I would like to post a solution to the community that would of otherwise caused even further downtime. Hope this will help someone else out there.
So in this particular site there is a Forigate 100F without redundancy. The HW ID is c1aj43-04aa-0000
One day out of the blue it just failed, with the error message like this
NP6XLITE: Error: xaui.usxs[0].usxs_port_sts 00000000.
NP6XLITE: Error: xaui.usxs[4].usxs_port_sts 00000000.
api return err code -3 opcode 5 BCM_VLAN_CREATE_SCC len 56 request 0 reply 1
api return err code -3 opcode 7 BCM_VLAN_PORT_ADD len 56 request 0 reply 2
api return err code -3 opcode 15 BCM_VLAN_CROSS_CONNECT_ADD len 56 request 0 rep ly 3
bcm sdk 140 exit.
bcm_sdk 140 is down with code 1.
Kernel panic - not syncing: BUG! "
The RMA unit came, with the hardware ID c1aj43-20aa-0000
The system came with firmware 6.4.9 which is not something that we use nor a perfect match with our configuration file. So I was told to downgrade the firmware via format and tftp upload. We use 6.0.14 with the config file matching 6.0.12
Upon doing this, the system will come back but I noticed on the boot cli it contain the following error:
NP6XLITE: Error: xaui.usxs[8].usxs_port_sts 00000000.
NP6XLITE: Error: xaui.usxs[12].usxs_port_sts 00000000.
The other messages do not appear.
At this point even with the factory default config, which shows up with show full-configuration, does not process any traffic at all. For example, if you connect directly with the MGMT port which have a default of 192.168.1.99 it does not respond to ping or https.

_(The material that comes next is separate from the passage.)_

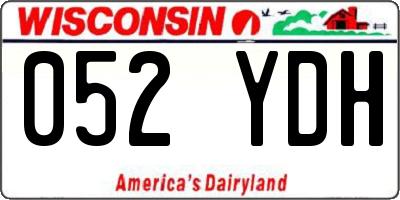 WI license plate 052YDH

I tried to load another version of 6.0.x with same results.
I copied the my configuration to a usb drive and restored it via cli. All of the config the system took but again the device do not pass any traffic. No DHCP, no ping, nothing.
When I called Fortinet support I spoke with both the tech support and escalation tech support, but of them think the error message NP6XLITE means the device failed again and I will need another RMA.
I asked is there a minimum firmware version with certain hardware revisions, they stated no and the hardware should take all firmware versions.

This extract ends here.